FRANKFURT (dpa-AFX) - Der deutsche Aktienmarkt ist am Donnerstag auf der Welle des billigen Geldes geschwommen. Die Währungshüter in den USA hatten am Vorabend den Leitzins wie erwartet auf sehr niedrigem Niveau belassen; zuvor hatte schon die japanische Notenbank an ihrer lockeren Geldpolitik festgehalten. Der Dax (DAX) sprang erstmals seit knapp zwei Wochen über die Marke von 10 600 Punkten und baute seinen Gewinn bis zum Nachmittag auf 2,01 Prozent beziehungsweise 10646,21 Punkte aus.
Marktbeobachter Jens Klatt sieht bereits das Jahreshoch in greifbare Nähe rücken. Im August hatte der Dax 10 802 Punkte erreicht, dann kamen aber Sorgen auf, dass die Zeit des billigen Geldes zu Ende gehen könnte. Für die Börsen wäre das ein harter Einschnitt: Die verschwindend geringen Zinsen auf Sparkonten und Anleihen, gepaart mit den gigantischen Wertpapierkäufen der Notenbanken sorgen seit Jahren für steigende Aktienkurse.
Der Rauch in Sachen Geldpolitik habe sich verzogen, kommentierte Konstantin Oldenburger von CMC Markets. Am Markt wird nun mit einer Zinsanhebung im Dezember gerechnet - also genau ein Jahr nach der ersten Anhebung Ende 2015.

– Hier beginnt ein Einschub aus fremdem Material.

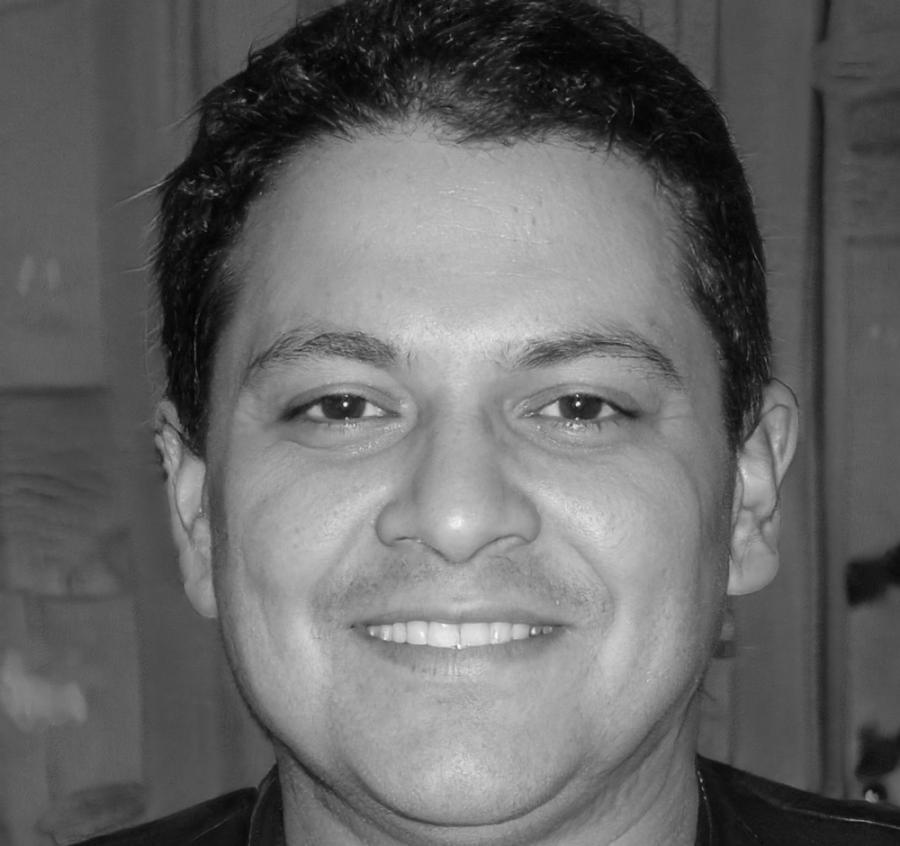 Portrait de Dorian Lefebvre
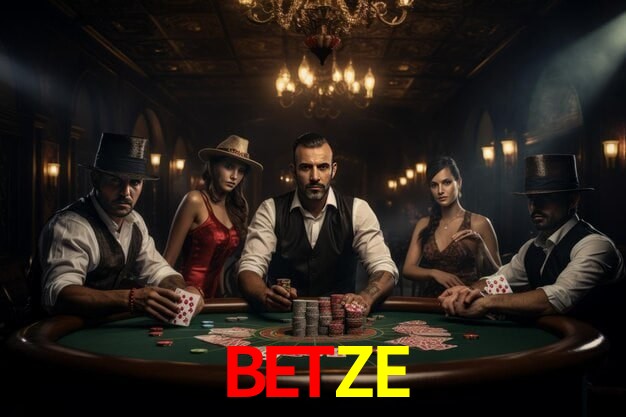 Explorando a Categoria de Eventos em Apostas na BETZE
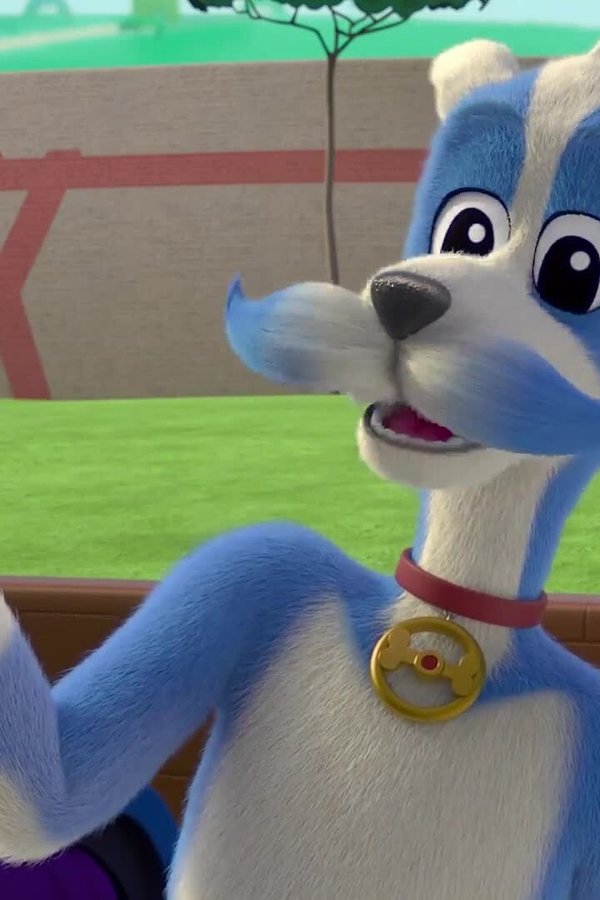 Go, Dog. Go! – S01E08 – Episodio 8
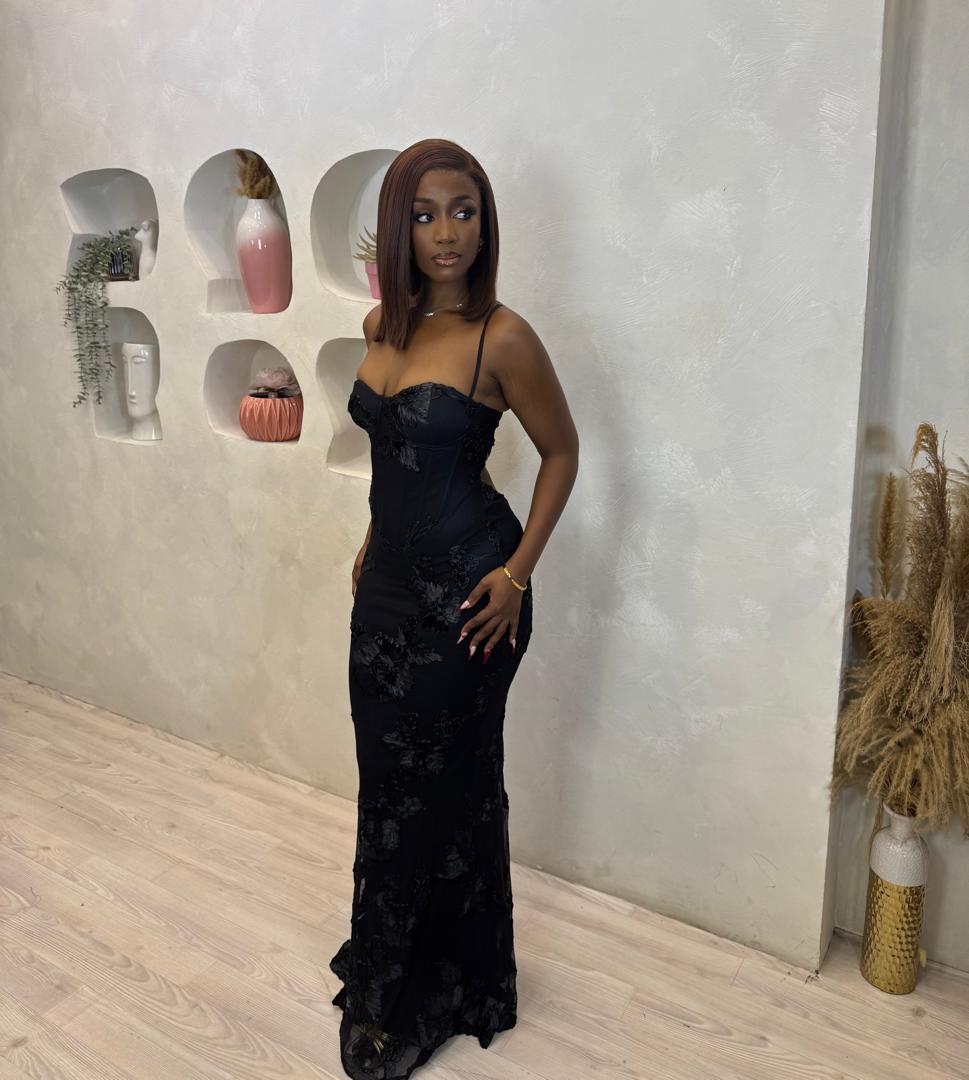 Honest Girl Midaxi Dress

Vor diesem Hintergrund zeigte sich auch der MDax (MDAX) der mittelgroßen deutschen Unternehmen mit neuem Elan, es ging 1,93 Prozent auf 21 657,63 nach oben. Der Technologiewerte-Index TecDax (TecDAX) kletterte um 1,65 Prozent auf 1807,54 Punkte. Der Eurozonen-Leitindex EuroStoxx 50 (Euro Stoxx 50) rückte um 2,19 Prozent auf 3047,57 Punkte vor. Zuvor war es bereits an den asiatischen Börsen und an der Wall Street kräftig hochgegangen.
DEUTSCHE BANK AN DAX-SPITZE
Größter Gewinner im Dax waren die geschundenen Aktien der Deutschen Bank (XETRA:DBKGn), die zuletzt um 3,3 Prozent stiegen auf 11,65 Euro. Nach der Hiobsbotschaft einer möglichen zweistelligen Milliardenstrafe in den USA waren sie zuvor in vier Handelstagen in der Spitze um 15 Prozent eingebrochen - sie bremsten erst kurz vor ihrem historischen Tief von 11,06 Euro. Im Dax sind sie mit einem Verlust von fast der Hälfte ihres Wertes der mit Abstand schlechteste Wert in diesem Jahr.
Infineon-Papiere (XETRA:IFXGn) profitierten mit einem Kursplus von 3 Prozent von einer frischen Kaufempfehlung durch Mainfirst. Analyst Jürgen Wagner führte vor allem die starke Stellung des Halbleiterkonzerns bei Autos ins Feld: Der Trend gehe hin zu Elektro- und Hybridfahrzeugen sowie immer leistungsfähigeren Fahrerassistenzsystemen.
SÜDZUCKER VERLIERT TROTZ PROGNOSEERHÖHUNG
Zudem beschäftigte die angehobene Jahresprognose von Südzucker (XETRA:SZUG) die Investoren: So sprangen die Papiere zwar kurzfristig auf den höchsten Stand seit drei Jahren, zuletzt standen sie jedoch ein knappes Prozent im Minus. Die Anleger machten Kasse, nachdem die Aktie alleine in diesem Jahr rund 30 Prozent gestiegen war. "Es ist an der Zeit, die Zucker-Party zu verlassen", hatte Marc Gabriel vom Bankhaus Lampe seinen Kunden bereits zu Wochenbeginn geraten.
Beim kriselnden Industriedienstleister Bilfinger (XETRA:GBFG) kam die Ernennung eines neuen Finanzchefs gut an. Ende September legt Axel Salzmann sein Amt nieder, für ihn übernimmt der zuletzt bei Osram (XETRA:OSRn) tätige Klaus Patzak. Die Bilfinger-Aktie stieg bis zum Nachmittag um über 4 Prozent.